Goal of the exercise — Return all the entries below exactly, except for the images they hold.

====== Given entries ======

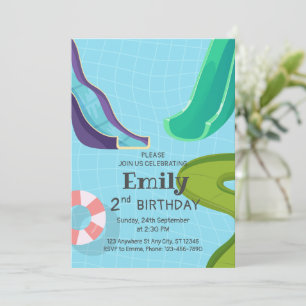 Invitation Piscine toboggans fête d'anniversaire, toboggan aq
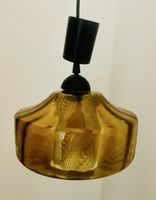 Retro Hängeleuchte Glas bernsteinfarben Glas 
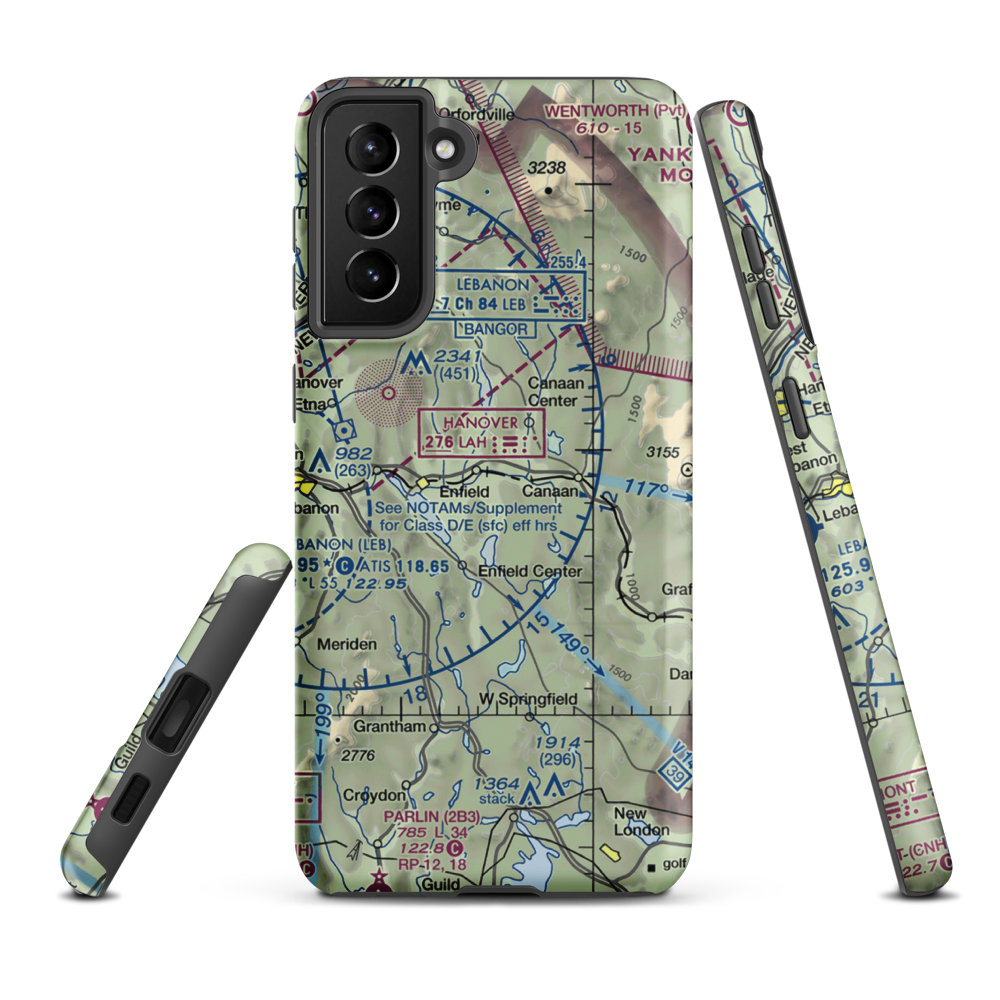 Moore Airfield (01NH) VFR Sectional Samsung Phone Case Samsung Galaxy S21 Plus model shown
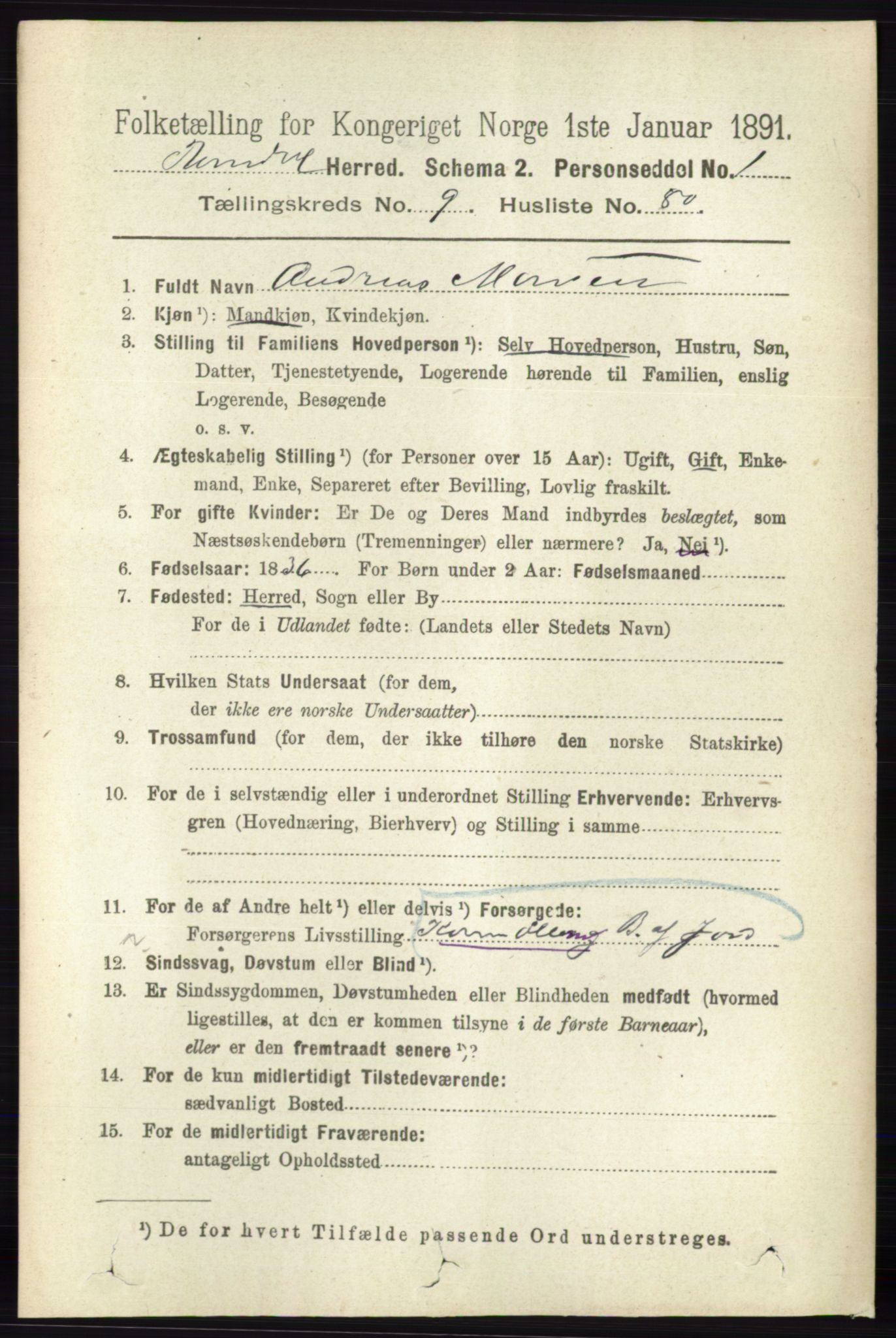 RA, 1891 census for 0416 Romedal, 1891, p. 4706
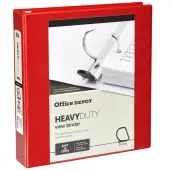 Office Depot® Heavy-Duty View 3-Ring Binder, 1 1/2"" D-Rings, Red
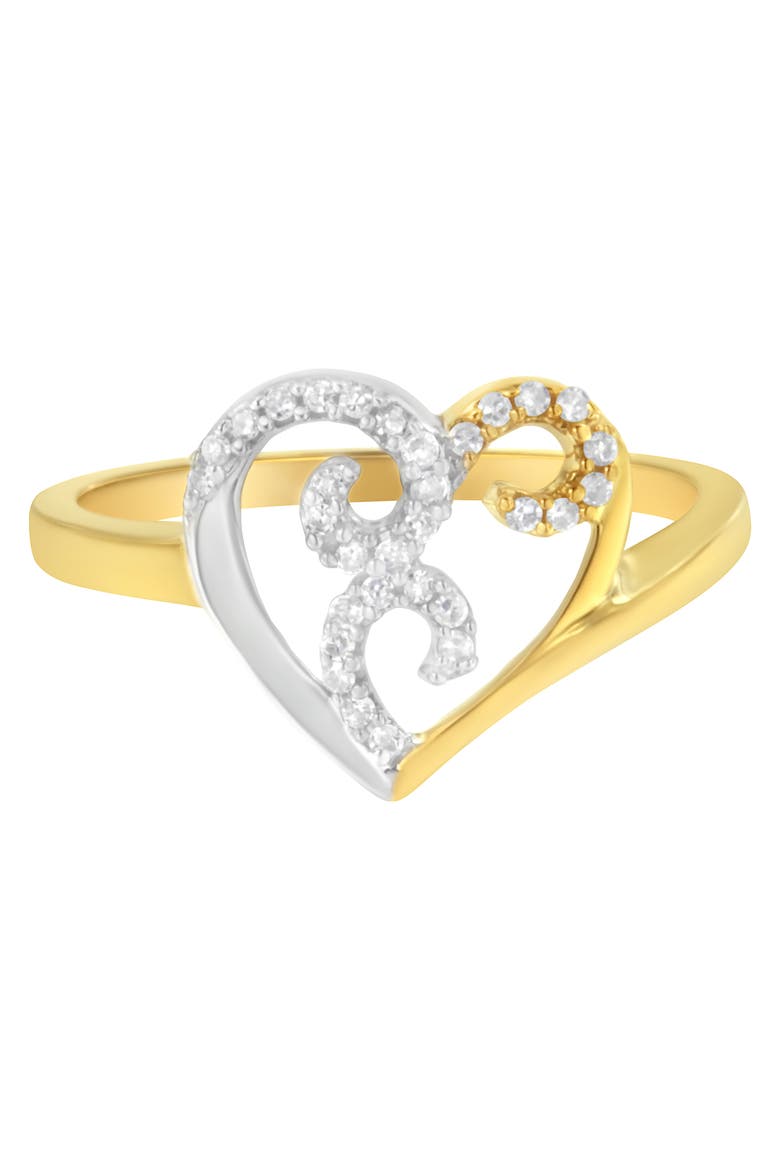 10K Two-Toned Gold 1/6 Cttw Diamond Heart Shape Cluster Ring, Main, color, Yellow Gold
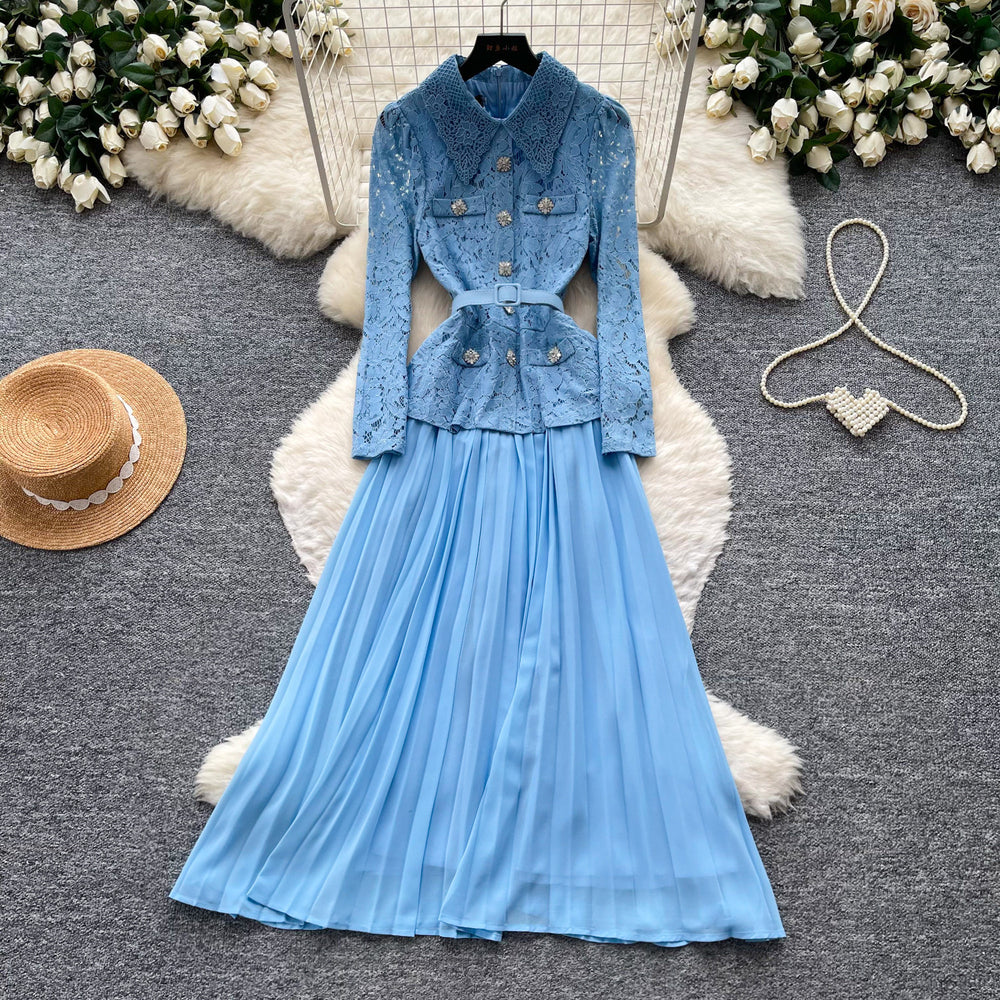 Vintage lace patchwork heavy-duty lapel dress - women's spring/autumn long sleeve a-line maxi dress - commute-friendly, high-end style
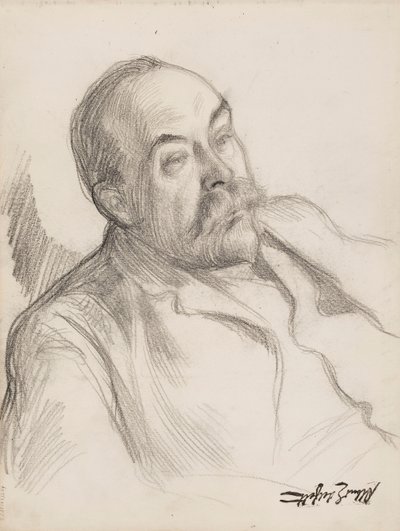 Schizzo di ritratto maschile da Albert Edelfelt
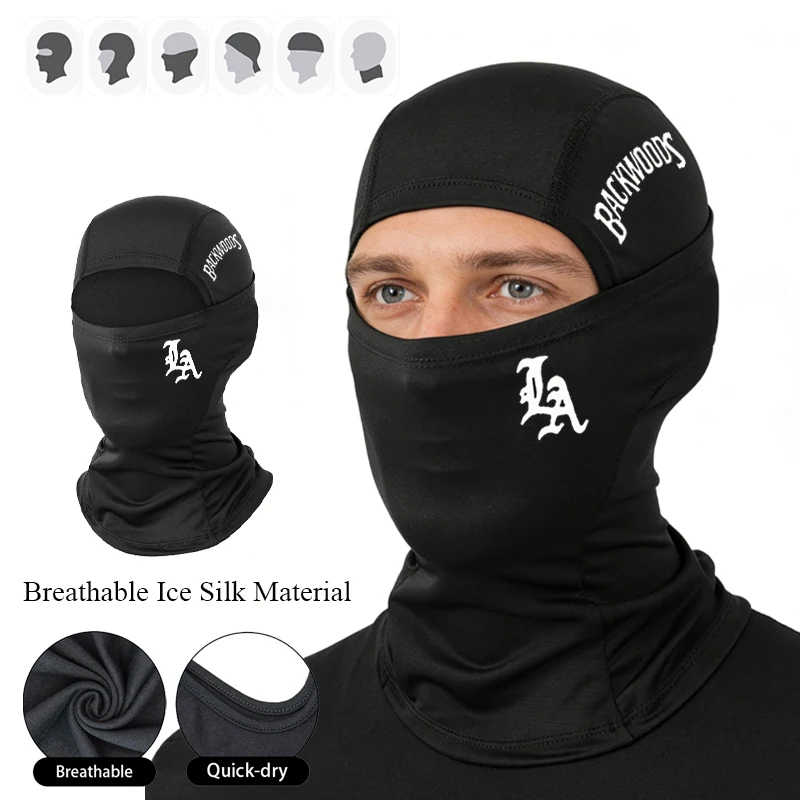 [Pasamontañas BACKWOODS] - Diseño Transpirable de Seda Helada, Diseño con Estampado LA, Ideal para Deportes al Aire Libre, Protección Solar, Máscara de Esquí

======

Expected output —
 Invitation Piscine toboggans fête d'anniversaire, toboggan aq
 Retro Hängeleuchte Glas bernsteinfarben Glas 
 Moore Airfield (01NH) VFR Sectional Samsung Phone Case Samsung Galaxy S21 Plus model shown
 RA, 1891 census for 0416 Romedal, 1891, p. 4706
 Office Depot® Heavy-Duty View 3-Ring Binder, 1 1/2"" D-Rings, Red
 10K Two-Toned Gold 1/6 Cttw Diamond Heart Shape Cluster Ring, Main, color, Yellow Gold
 Vintage lace patchwork heavy-duty lapel dress - women's spring/autumn long sleeve a-line maxi dress - commute-friendly, high-end style
 Schizzo di ritratto maschile da Albert Edelfelt
 [Pasamontañas BACKWOODS] - Diseño Transpirable de Seda Helada, Diseño con Estampado LA, Ideal para Deportes al Aire Libre, Protección Solar, Máscara de Esquí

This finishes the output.